El 1 de septiembre, se instaló la nueva Suprema Corte de Justicia de la Nacion, elegida por voto popular. Las ceremonias inaugurales incluyeron una consagración en Cuicuilco y una purificación con entrega del bastón de mando por comunidades indígenas a las y los nuevos ministros, simbolizando un comienzo para la justicia en México, con un compromiso hacia el pueblo, la unidad con pueblos originarios y afromexicanos y el diálogo social.
Naturalmente, las reacciones de quienes aún no aceptan el cambio de juego no se hicieron esperar: llamaron a la Suprema Corte “chamánica” y calificaron las ceremonias como un circo, difundiendo memes sobre Quetzalcóatl. Burlas y descalificaciones reflejaron así el rechazo a lo ajeno y el racismo estructural persistente en México.
Cuando algo te resuena y coincides, te ves positivamente en el otro, como espejo. Cuando algo te engancha negativamente, también es reflejo de algo que rechazas dentro de ti, desde la sombra y desde el miedo. Posiblemente, quienes juzgaron y criticaron con desdén esta nueva ceremonia de entrega de bastón están incómodos con la idea de perder su justicia de privilegio.
En diversas culturas originarias de México, la entrega del bastón de mando simboliza el reconocimiento de la máxima autoridad política y espiritual de la comunidad. Sin embargo, en otras tradiciones, este mismo acto puede interpretarse como un gesto de sometimiento o de renuncia a la autonomía. En el caso de la ceremonia de la justicia, la entrega de los bastones no se definió de manera unívoca en ninguno de estos sentidos, pero sí cumplió con su propósito central: ser un acto cargado de significado político y estratégico.

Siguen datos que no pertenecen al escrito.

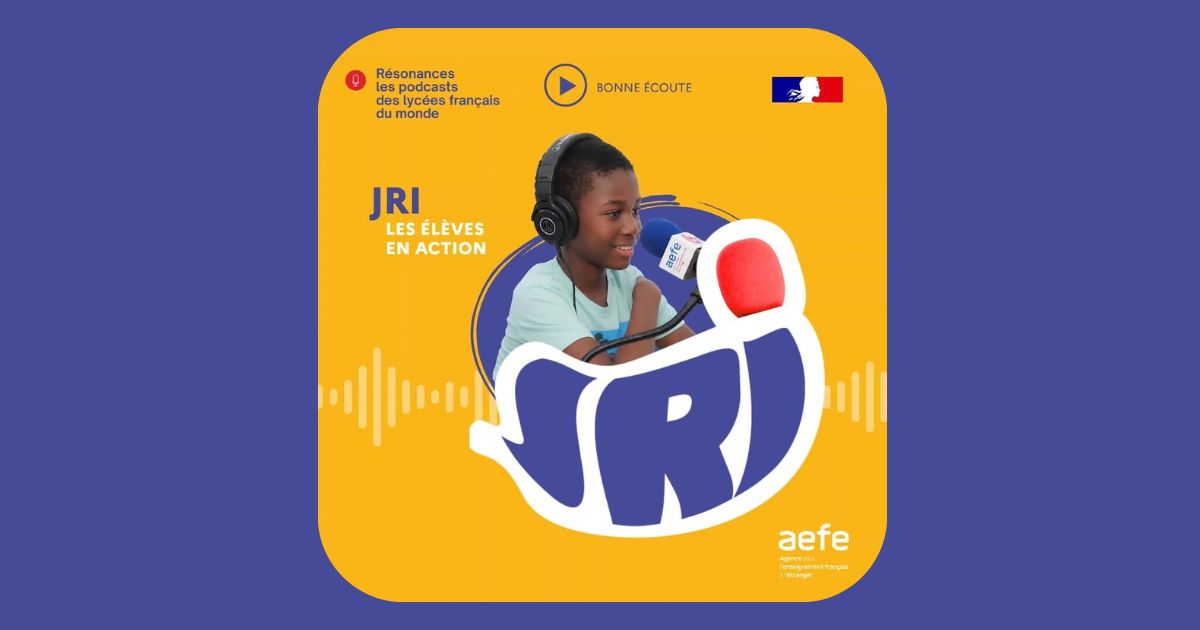 jri en action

Este objeto representa la confianza del pueblo en la persona elegida y su compromiso de gobernar con inclusión, con reconocimiento. Recibirlo implica que el poder y el liderazgo se comparten y se deben ejercer como un servicio, no como un privilegio (Gutiérrez, 2019). Además, para mí es símbolo de impermanencia: el bastón no es tuyo, la comunidad, en plural, lo presta por un rato y para ciertos fines.
Me parece valioso que estas ceremonias generen tanta resonancia como rechazo. México es un país de profundas diferencias: múltiples clases sociales, cosmovisiones, privilegios y desigualdades que deben reconocerse y visibilizarse. Hasta ahora, la justicia había estado marcada por ceremonias y prácticas orientadas a ciertos sectores, dejando de lado a los grupos en situación de vulnerabilidad. Por eso, este es el momento de hacerlo distinto y de evaluar la justicia no solo por sus símbolos, sino por sus resultados.
Hoy, el hecho de que las y los nuevos ministros reciban el bastón de mando de comunidades indígenas y afromexicanas abre un nuevo capítulo en la justicia mexicana, donde las formas también tienen un profundo impacto. Este gesto podría marcar el inicio de una etapa distinta, una en la que no se repitan episodios de violencia e impunidad como las masacres de Acteal y El Charco o las violaciones sexuales contra mujeres indígenas en los casos de Inés Fernández y Valentina Rosendo, que evidencian la histórica desprotección de los pueblos originarios.
La instalación de la nueva Suprema Corte, acompañada de ceremonias cargadas de simbolismo, marca el inicio de una nueva etapa jurisdiccional y de comprensión en la impartición de justicia. Se trata de una estrategia política que, ojalá, se traduzca en beneficios reales para los grupos más vulnerables y funcione como recordatorio permanente de que el poder es temporal y debe ejercerse con un propósito específico.
Evaluaremos esta Corte por sus sentencias, pero es un momento ideal para instar a que estas ceremonias conduzcan a reformas sustantivas que aseguren un acceso a la justicia sin discriminación, promoviendo un sistema que no solo interprete la ley, sino que refleje una diversidad cultural y social plural en México, para que la justicia sea un verdadero punto de encuentro.